Pues bien: resulta que el libro ahora es best-seller mundial, ya fue traducido al español (increíblemente, lo titularon “El código Da Vinci”) y ha estado circulando bastantito. Para rematar, hace unas semanas el canal A&E (Arts & Entertainment) presentó un documental cuyo título me robé vilmente para estas pobres y dominicales líneas, en donde se analizaba el libro, algunas de sus propuestas y sus posibles implicaciones en este impío Siglo XXI. La verdad, el reportaje estuvo ligerón y no sacó nada en claro (en realidad, lo único digno de sacar a donde se dejara resultó ser la reportera). En todo caso, como ya había recomendado la novela y ahora está haciendo ruido, según decía me siento algo comprometido. Además, el asunto es algo que me fascina y desde hace rato.
“El código Da Vinci” es un magnífico thriller situado en la época contemporánea, en el cual el papel de detective lo asume un profesor de Harvard experto en símbolos antiguos, Robert Langdon.

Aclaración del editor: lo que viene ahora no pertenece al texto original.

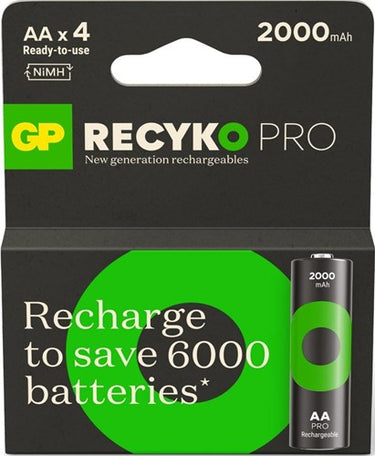 Gp nimh oplaadbare batterij aa 2000ma blister(4) - 3311492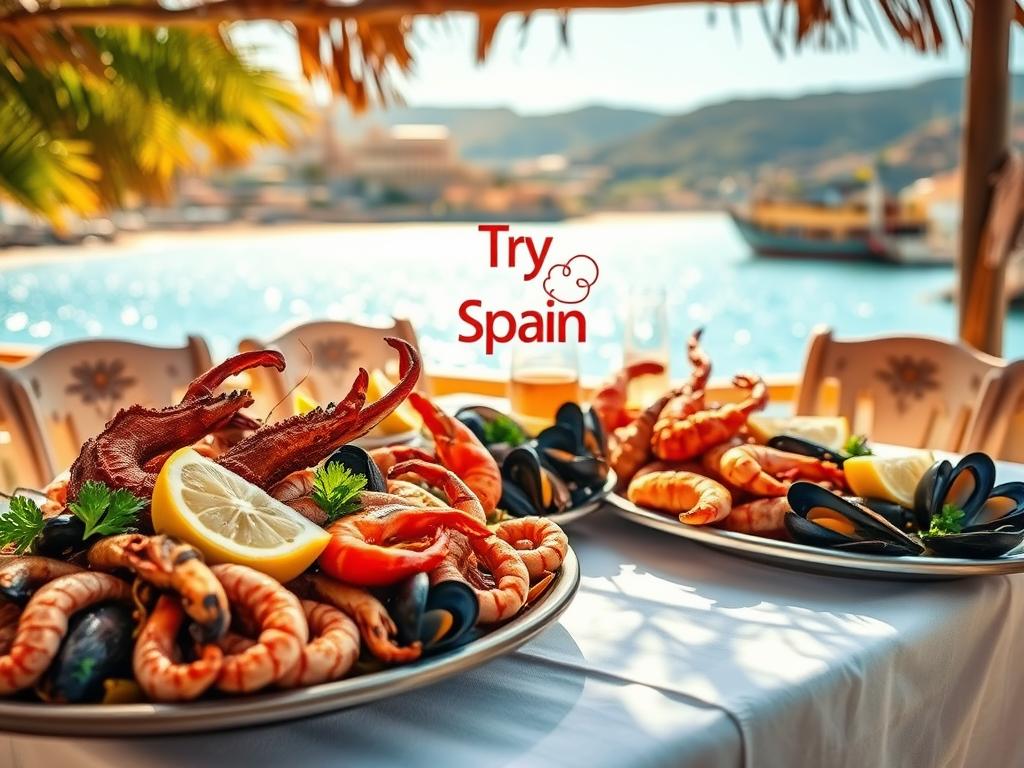 A vibrant seafood feast set against the sun-drenched coast of Spain. In the foreground, a mouth-watering spread of grilled octopus, sizzling prawns, and succulent mussels, garnished with lemon wedges and sprigs of parsley. In the middle ground, a rustic wooden table topped with a crisp white tablecloth, surrounded by weathered, sun-bleached chairs. In the background, a panoramic view of the sparkling azure waters and rolling hills, bathed in warm, golden light. The scene evokes the quintessential summer experience of dining on the Spanish coastline. "Try Spain" logo subtly incorporated into the composition.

A medida que desteje la trama y lee claves oscuras y antiquísimas, Langdon asimismo devela algunas curiosidades sobre el cristianismo primigenio, los roles que la mujer tenía en los primeros años de la Iglesia, el supuesto papel que tuvo María Magdalena en todo el asunto y la existencia de una sociedad secreta, el Priorato de Sión (al que pertenecieron luminarias como Da Vinci, Newton, Botticelli y Víctor Hugo) encargada de preservar tal tradición y por tanto, impedir que los machitos del Vaticano le echen definitivamente tierra al asunto de la participación femenina en la iglesia, borrando así el carácter auténtico de lo que predicó el Güero Chuy. Todo ello aderezado con los elementos infaltables en este tipo de historias: intrigas internacionales, locaciones exóticas, la chica guapa que colabora en la solución del enigma, el asesino malo-malote y el sacerdote fanático enloquecido. No les cuento más para que la lean. Como dije hace más de medio año, vale la pena.
Aquí la cuestión es que, de muuuuucho tiempo atrás, existen historias a sotto voce y persistentes rumores relacionados con una vida de Jesucristo no referida por los Evangelios canónicos (o sea, los cuatro que uno encuentra en cualquier Nuevo Testamento). Por distintos motivos (que, claro, tienen que ver con el poder terrenal), esos detalles fueron borrados de las enseñanzas tradicionales de la Iglesia. Como a María de Magdala no la pudieron expurgar del escenario, la convirtieron en muchacha alegre y que bailaba recio… siendo que, según la tradición no ortodoxa, era la compañera más cercana y fiel de Jesús. Al respecto Nikos Kazantzakis escribió “La última tentación” (1955), que luego llevara al cine Martin Scorsese (1988), película que fuera censurada y enlatada aquí en México (y eso que en el poder estaban los revolucionarios del PRI, no los mochos del PAN… los cuales no pararon la distribución del famoso “…Padre Amaro”).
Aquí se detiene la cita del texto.